This checkpoint was fine-tuned using configs/dim_a/arc_state_norman_gears_split.toml from the VCBench repository at tag v1.0.0, which explicitly enumerates 139 training perturbations and 107 held-out test perturbations matching the GEARS simulation split (seed=1) used by every other foundation model evaluated in VCBench.

Headline metric: PRR = 0.402 on the 107 held-out Norman test perturbations (vcbench evaluate_dim_a real-control anchor — the canonical convention for VC Level decisions). Cross-validated by upstream cell-eval pearson_delta = 0.408 to 2e-6 absolute under matched anchor convention. See Cross-evaluator anchor reconciliation below.

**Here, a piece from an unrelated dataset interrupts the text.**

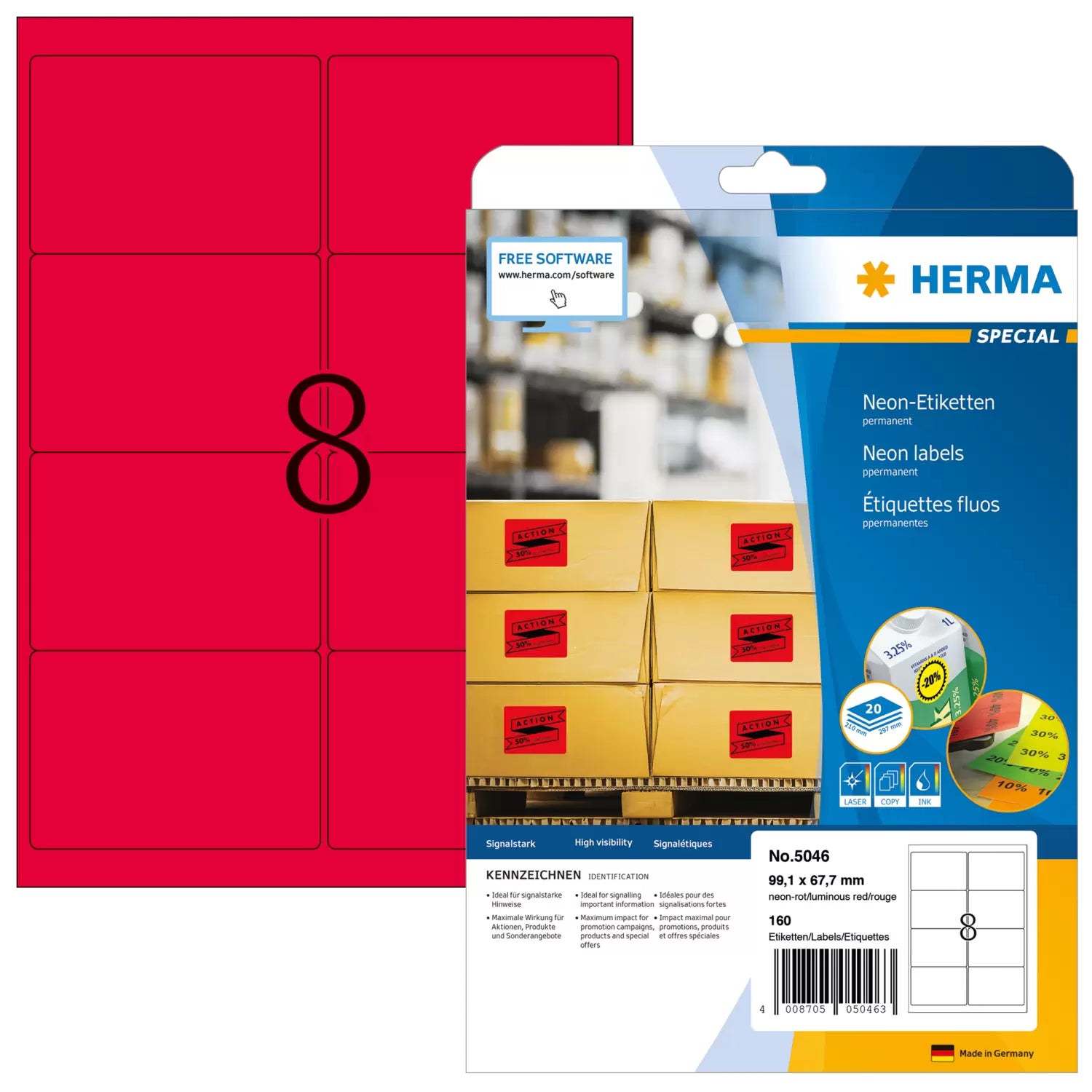 HERMA Etiketten, 99 mm × 68 mm, neonrot, Papier, permanent, 160 Etiketten (20 Blatt)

Reproducing the headline numbers (paste-able, <5 min, CPU-only)

from huggingface_hub import snapshot_download
import anndata as ad
from vcbench.dimensions.dim_a_perturbation import evaluate_dim_a

repo = "VibeCodingScientist/arc-state-norman-gears-corrected"
root = snapshot_download(repo, allow_patterns=["forensic_artifacts/leak_corrected/*"])

pred = ad.read_h5ad(f"{root}/forensic_artifacts/leak_corrected/adata_pred.h5ad")
real = ad.read_h5ad(f"{root}/forensic_artifacts/leak_corrected/adata_real.h5ad")

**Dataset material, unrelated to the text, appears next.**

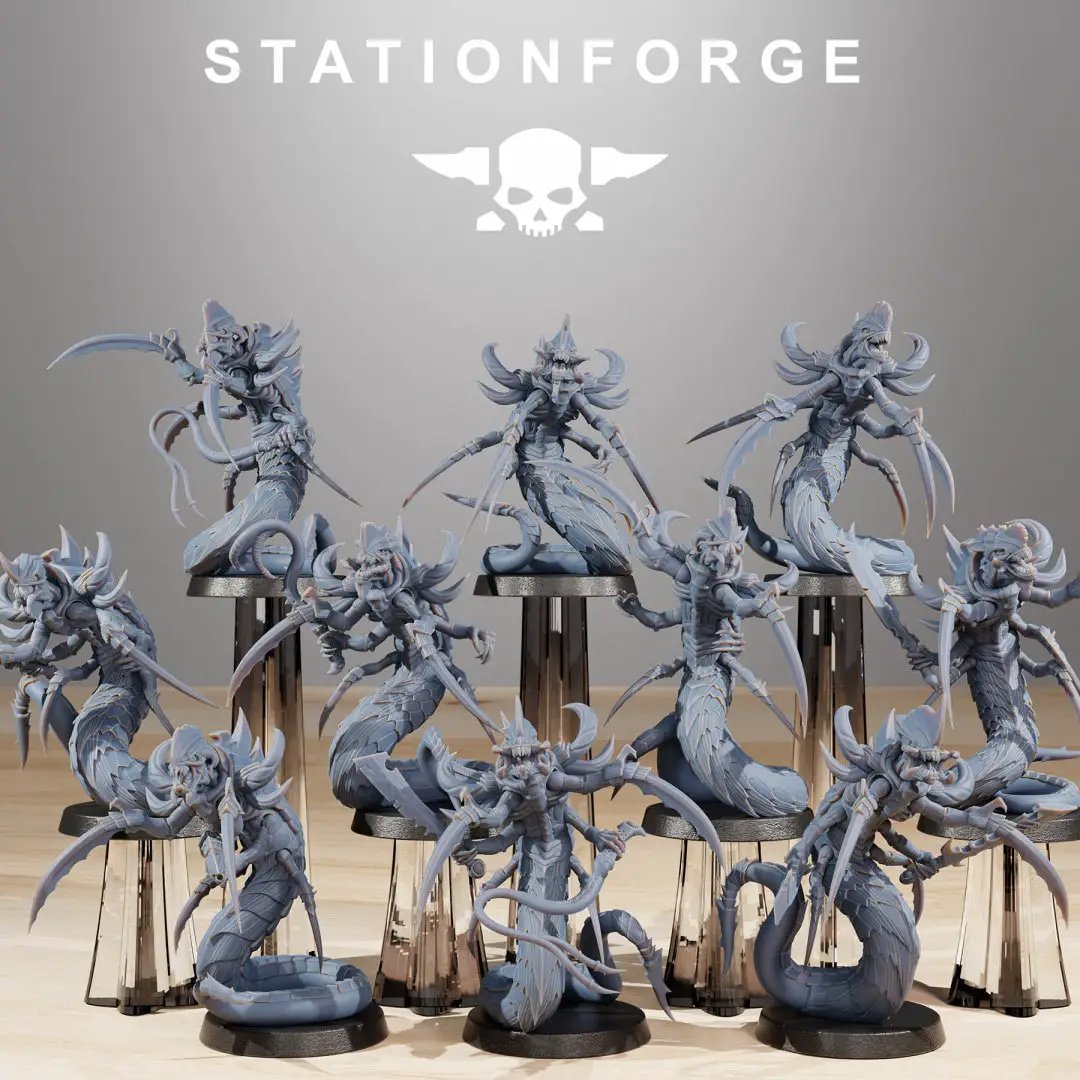 Ten 3D printed Xenarid serpents miniatures by StationForge Miniatures for Last Hope Miniatures, shown in detailed close-up.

# Canonical real-anchor PRR (used for VC Level decisions): 0.402
res_canonical = evaluate_dim_a(pred, real, perturbation_col="condition", control_label="ctrl")
assert round(res_canonical.mean_pearson_r_delta, 4) == 0.4021

# Cell-eval cross-validation under matched anchor: 0.408 (≈ cell-eval pearson_delta to 2e-6)
res_xval = evaluate_dim_a(pred, real, perturbation_col="condition", control_label="ctrl",
                          control_anchor="pred")
assert round(res_xval.mean_pearson_r_delta, 4) == 0.4076

End-to-end retrain via the VCBench wrapper (requires GPU, ~4-5h on A40):

from vcbench.models import ArcState
arc = ArcState()                                    # defaults to leak-corrected config
arc.load_pretrained(ckpt_path="final.ckpt")         # raises ArcStateLeakError if config has overlap
result = arc.run_dim_a()                            # full pipeline → DimAResult
print(f"PRR: {result.mean_pearson_r_delta:.4f}")    # ≈ 0.4021 (real anchor, canonical)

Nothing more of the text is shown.